ACTIVITY
Copy the data precisely, character for character, and leave out every picture.
------ DATASET CONTENT
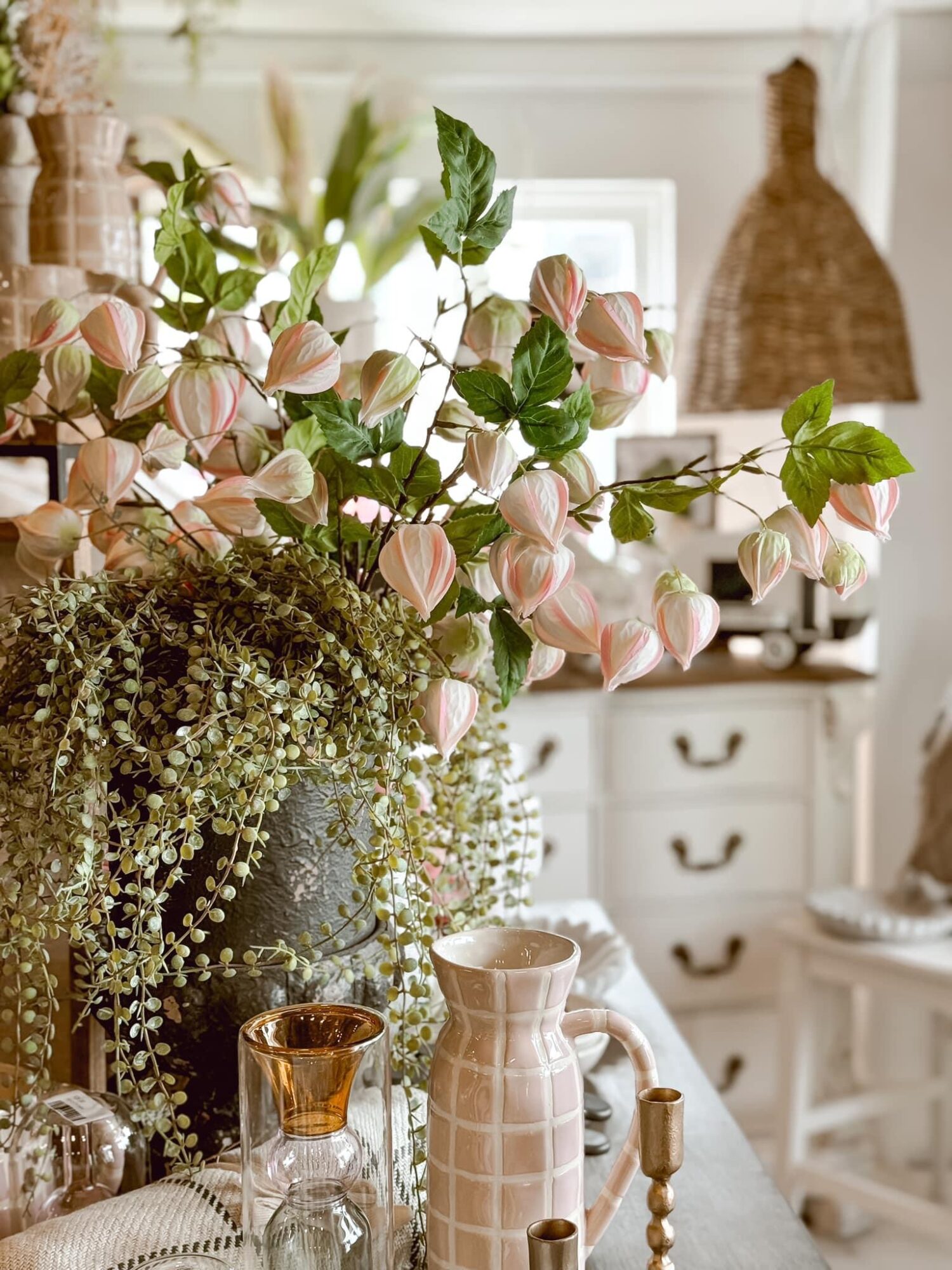 Vase with pink and white flowers and green leaves on a table, with a kitchen in the background.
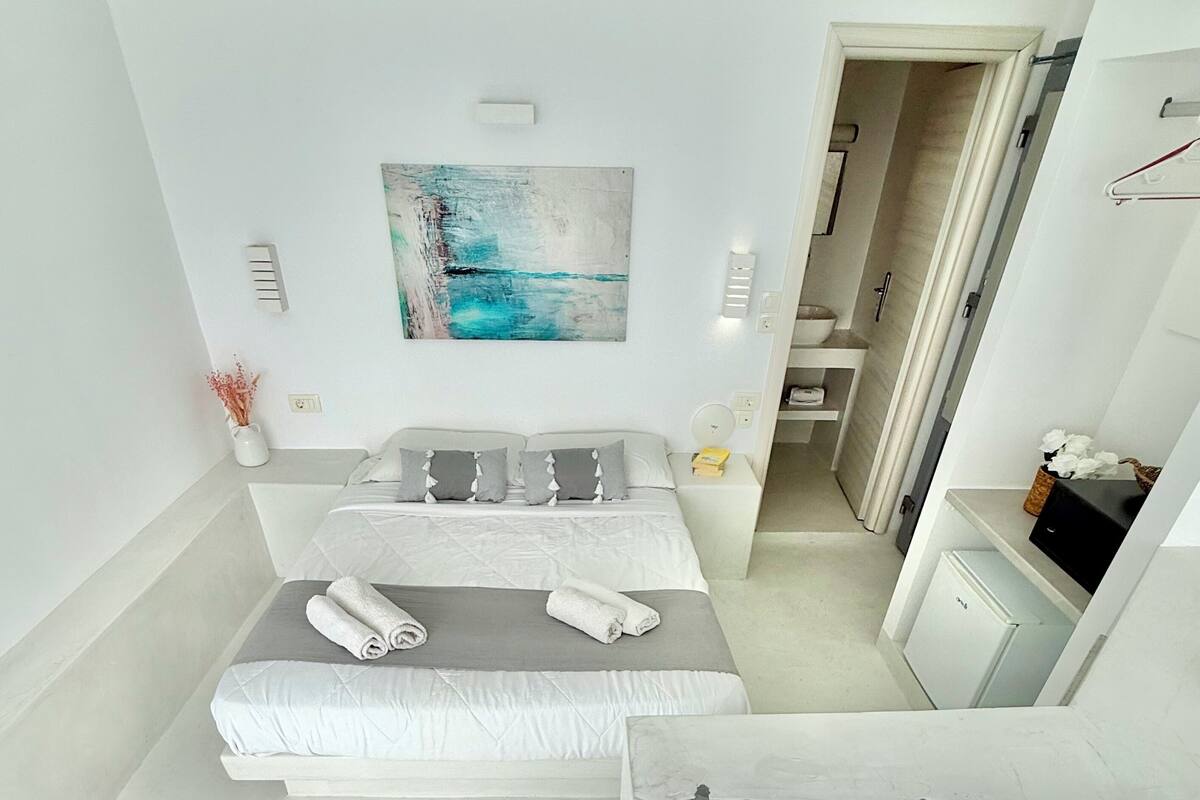 A modern hotel room with a large bed, a painting above it, a bathroom with a bathtub, and a view of the sea.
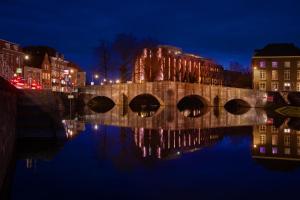 a bridge over a river in a city at night at Grand Hotel Valies in Roermond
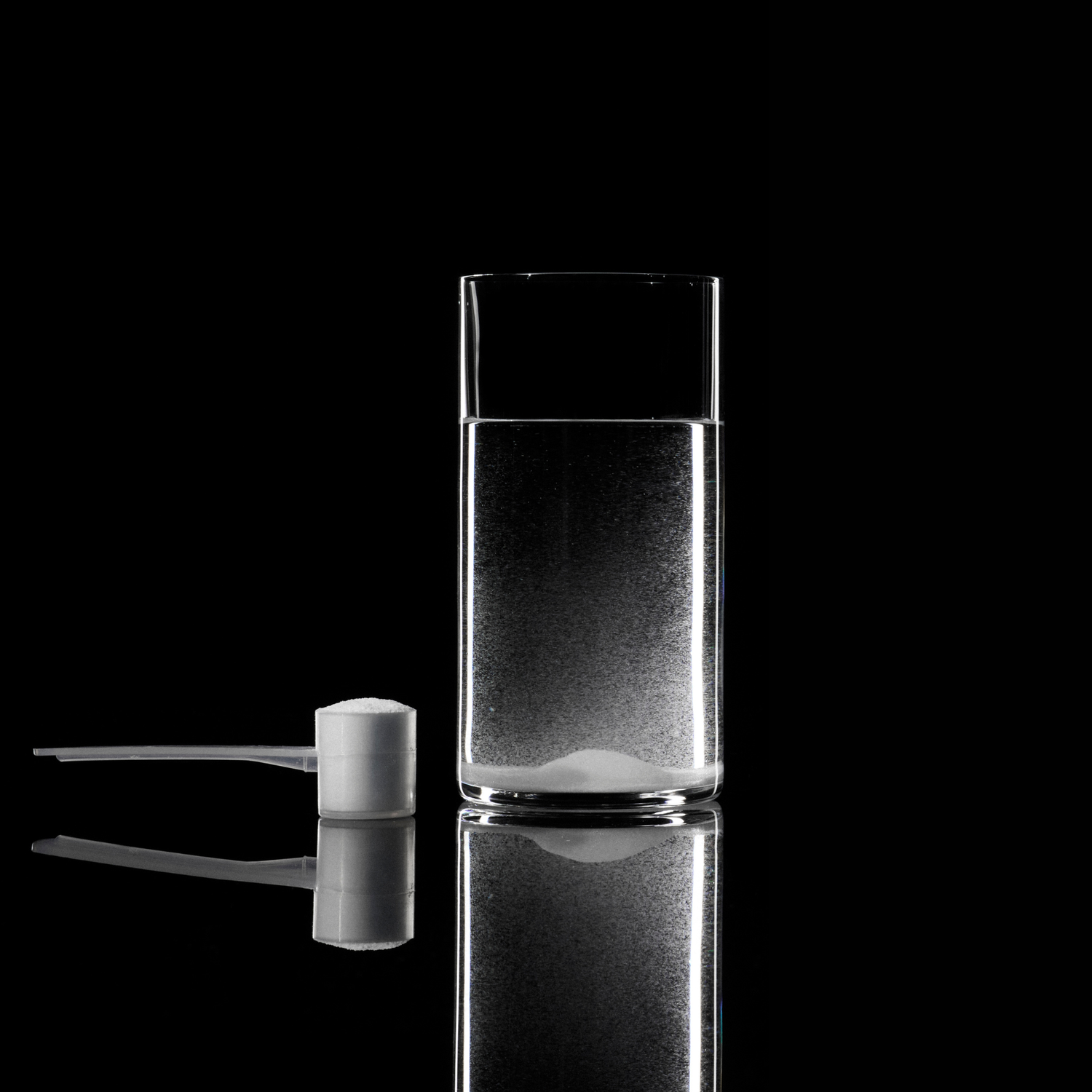Side by side comparison of Momentous Creatine new formula versus old formula showing improved mixability and clarity when dissolved in a glass of water, demonstrating the Signature Spec difference in creatine purity and solubility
------------
REPLY TO THE TASK
 Vase with pink and white flowers and green leaves on a table, with a kitchen in the background.
 A modern hotel room with a large bed, a painting above it, a bathroom with a bathtub, and a view of the sea.
 a bridge over a river in a city at night at Grand Hotel Valies in Roermond
Side by side comparison of Momentous Creatine new formula versus old formula showing improved mixability and clarity when dissolved in a glass of water, demonstrating the Signature Spec difference in creatine purity and solubility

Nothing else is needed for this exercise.